I have done exactly the same thing to mine, about 6 weeks ago, still haven't decided what to do yet. The seconds hands does a complete revoloution in about 50 secs and the watch gains hrs daily! Perhaps I will give Seiko uk a call, keep us posted!


----------



## part_timer (Nov 26, 2008)

part_timer said:


> I have done exactly the same thing to mine, about 6 weeks ago, still haven't decided what to do yet. The seconds hands does a complete revoloution in about 50 secs and the watch gains hrs daily! Perhaps I will give Seiko uk a call, keep us posted!


*Update on mine. I bought a cheapie de-magnetizer from ebay 2 weeks ago, only today did I get round to getting an adapter plug for it! Anyway I tried it out on the watch. The Sumo seconds hand was doing a rev in 52 secs before, after a couple of 'passes' on the aforementioned item, the seconds hand juddered to a stop, I wound it a little again and lo! It was back to 60 again! I hacked it with my trusty O&W M4 and 7 hrs later the Sumo is still keeping with it. Now, I can't see how mine got magnetised, all I can remember is that it got dropped to the floor. Aren't Sumo's supposed to be anti-magnetic anyway?

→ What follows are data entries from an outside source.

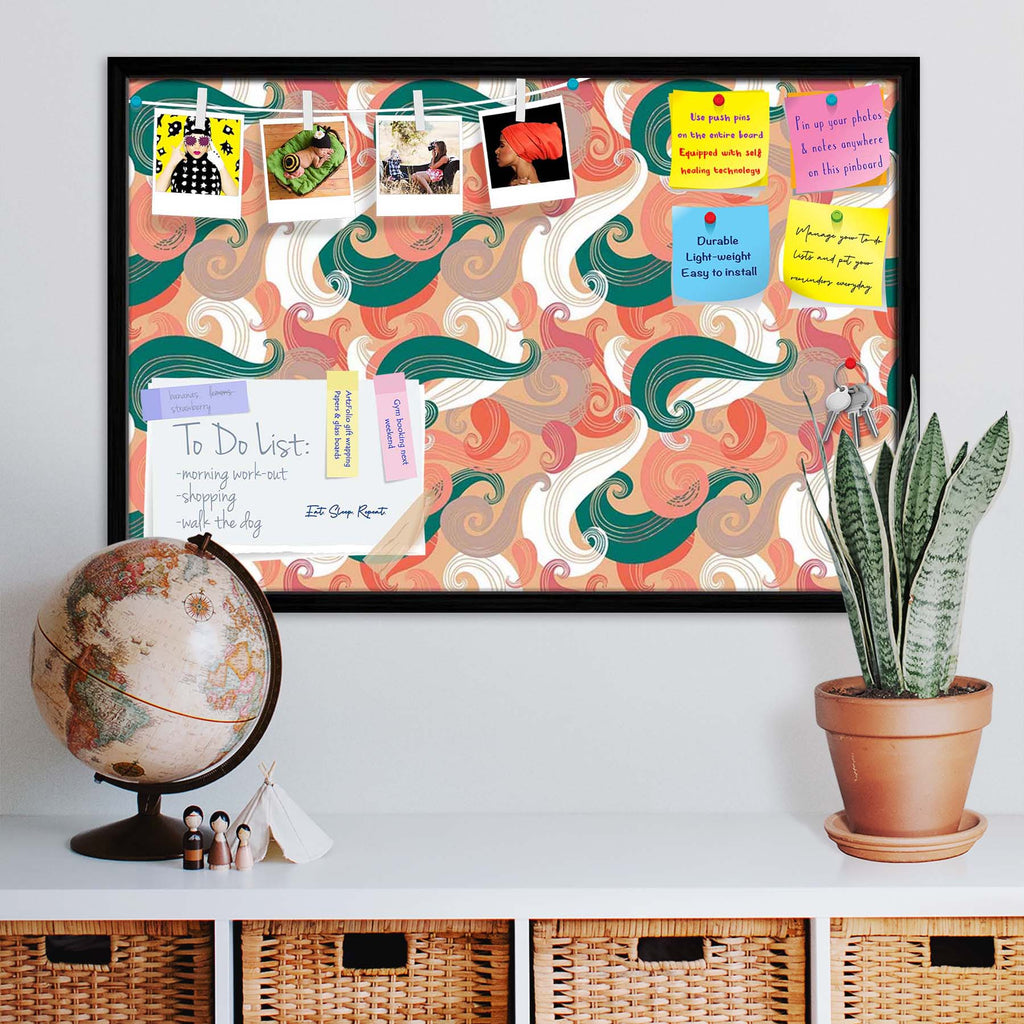 Colorful Wave Bulletin Board Notice Pin Board Soft Board | Framed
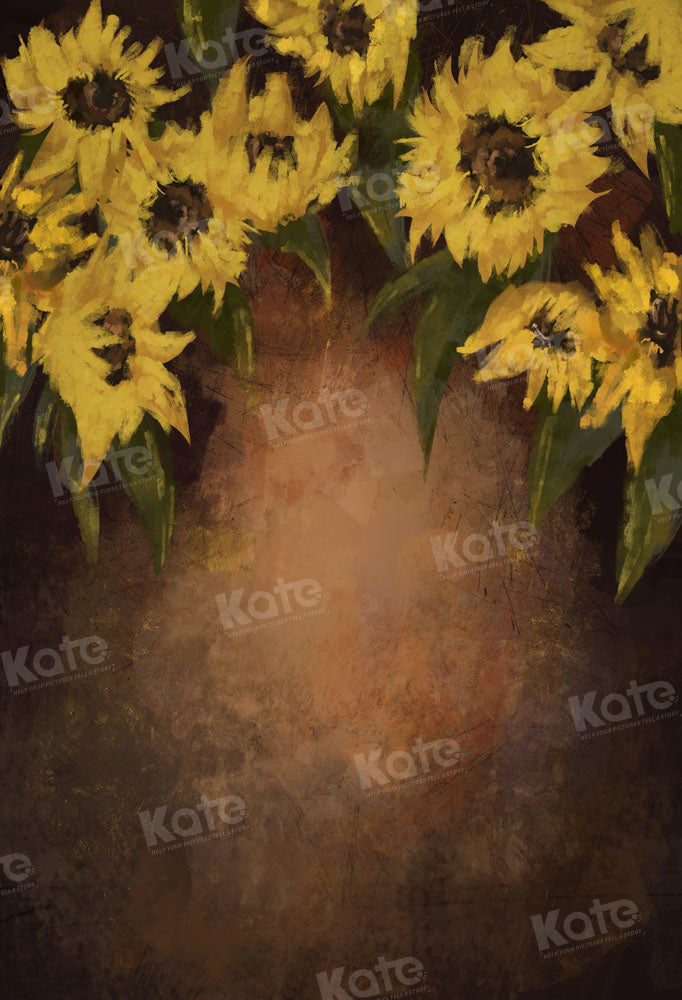 Kate Hand Painted Sunflower Fine Art Backdrop Designed by GQ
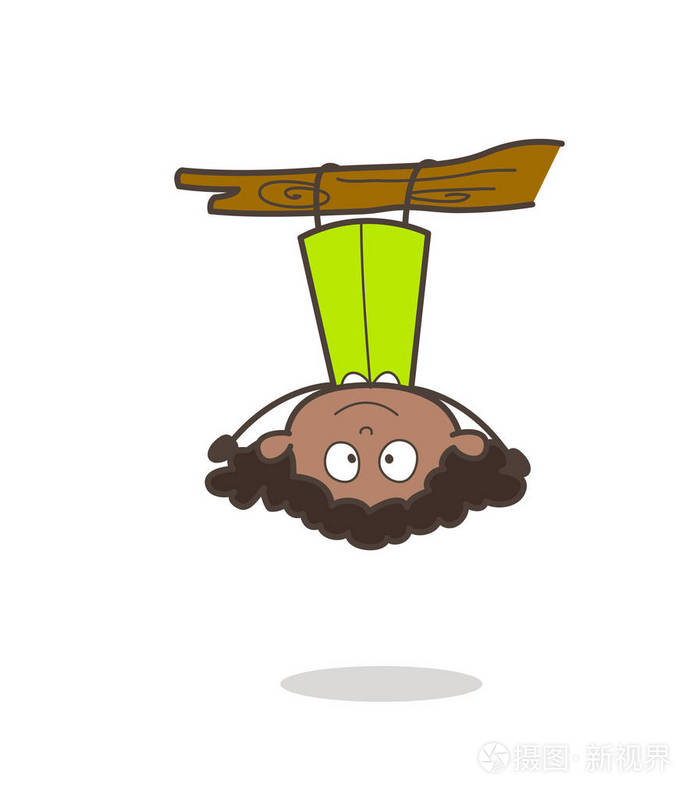 有趣的女孩,倒挂着树枝上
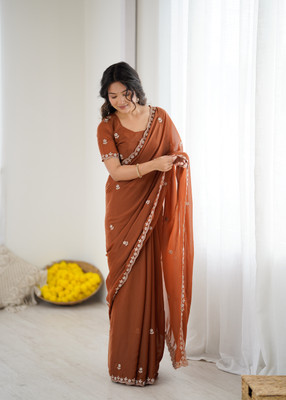 HMP Fashion Embroidered, Floral Print Bollywood Georgette Saree(Brown)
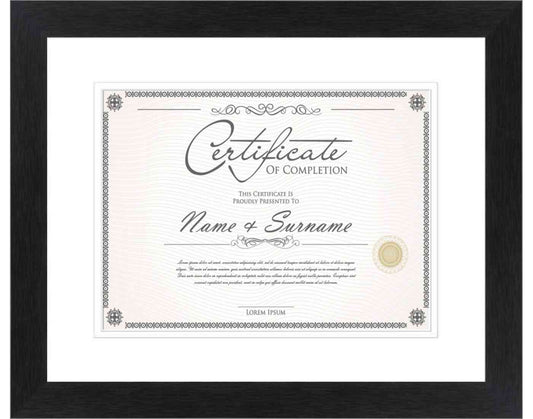 Black Frame for Certificates & Diplomas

I don't know if this is luck or not but maybe it's worth a try before you send it off anywhere? Just an idea.


----------



## tixntox (Jul 17, 2009)

Perhaps the hairspring had just got caught up and the demagnetiser straightened it out. I've done this a couple of times with fast runners. Sometimes it works and sometimes it don't!

Mike


----------



## part_timer (Nov 26, 2008)

tixntox said:


> Perhaps the hairspring had just got caught up and the demagnetiser straightened it out. I've done this a couple of times with fast runners. Sometimes it works and sometimes it don't!
> 
> Mike


24hrs later it's still keeping good time, problem solved so it seems.


----------



## HappyLad (Oct 28, 2009)

My understanding is that a fast running watch is an indication of friction in the mechanism. Its a bit counter intuitive, you'd think that friction would make the watch run slow... As well as dirt and damage, magnetism can cause friction by making parts attract each other - how you magnetised the watch from dropping it on the carpet though.... thats a bit of a mystery.


----------



## oddgitt (Mar 19, 2008)

Thanks for the responses guys - although the magnet trick sounds interesting I will trust it to safer hands than mine and give it to Seiko. Hopefully it won't cost the earth!

Thanks,

Rich


----------